NEW YORK (Reuters) - NATO and Russia should step up cooperation on missile defense, aiming to endorse a plan by November to resume missile defense exercises and explore ways to link early warning systems, U.S. Secretary of State Hillary Clinton said on Wednesday.
“In the longer term, NATO and Russia should work together to develop models for a combined NATO-Russia missile defense architecture,” Clinton said in prepared comments at a NATO-Russia Council ministerial meeting in New York.
Repeating assurances the United States believes the 28-member Western security alliance, founded to counter the Soviet threat, and Russia should be partners, Clinton outlined a raft of issues the two sides should work on together
“We believe that the best way to achieve this is by reinforcing the pillars that have supported European security for decades, not by negotiating new treaties, as Russia has suggested,” Clinton said.
She said NATO leaders should work out a plan to be endorsed at a summit in November which will pave the way for new cooperation, echoing a call earlier this month by NATO Secretary General Anders Fogh Rasmussen.
Rasmussen has invited Russia to hold talks with the NATO states at the alliance’s November summit in Lisbon.
U.S. and Russian ties have been slowly recovering since tensions over Russia’s 2008 war with the pro-Western former Soviet republic of Georgia.
Proponents say U.S. President Barack Obama’s effort to “reset” relations with Russia have helped win Moscow’s support for sanctions on Iran, fresh military supply routes for the Afghan war and a new U.S.-Russian arms reduction treaty.
However, many differences remain, including U.S. objections to what Washington regards as Russia’s “occupation” of Georgian territory and Moscow’s deep suspicions about U.S. plans for a missile defense system.
RUSSIA CAUTIOUS ON MISSILES
Moscow has been cautious about the missile plan, even though NATO has said the system is designed as protection against a perceived threat from Iran, not Russia.
Clinton said it was important for both sides to restore and eventually modernize the Conventional Forces in Europe (CFE) Treaty, from which Russia has suspended its participation.

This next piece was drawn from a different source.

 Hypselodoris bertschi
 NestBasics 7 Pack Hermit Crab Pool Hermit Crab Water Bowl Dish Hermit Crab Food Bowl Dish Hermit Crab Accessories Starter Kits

Clinton said she was encouraged that Russia had welcomed NATO’s offer to begin discussing a framework for reviving the CFE, saying the new START nuclear arms treaty between the United States and Russia provided a model for how to achieve this kind of agreement.
“We must ensure that the initial framework commits us to addressing all the tough issues if we want the follow-on negotiations to be successful,” she added.
NATO wants to highlight that the CFE principle of host nation consent for the stationing of forces on its territory applies to Georgia -- which rejects the stationing of Russian troops in its breakaway regions.
“We must have real military limitations and restraints where we need them,” Clinton said. “And all participating states, including Georgia and Moldova, must have the right to agree to the stationing of foreign forces on their sovereign territory.”
Clinton said improved relations could also lead to more transparency on exchanging information about military doctrine, strategy and force developments, and that the United States was prepared to offer an early briefing to start that process.
She added that NATO should also be willing to step up cooperation on counter-narcotics efforts, and should seek to develop a strategy by November to broaden their work together across Central Asia, an area of particular concern to Moscow.
“Tangible progress on such issues as missile defense, conventional arms control, crisis prevention and response, improved transparency, and security in Georgia would set the stage for closer cooperation in many other areas in future,” she said.
“If we can agree on the principles and goals, we can hammer out the details in the coming months.”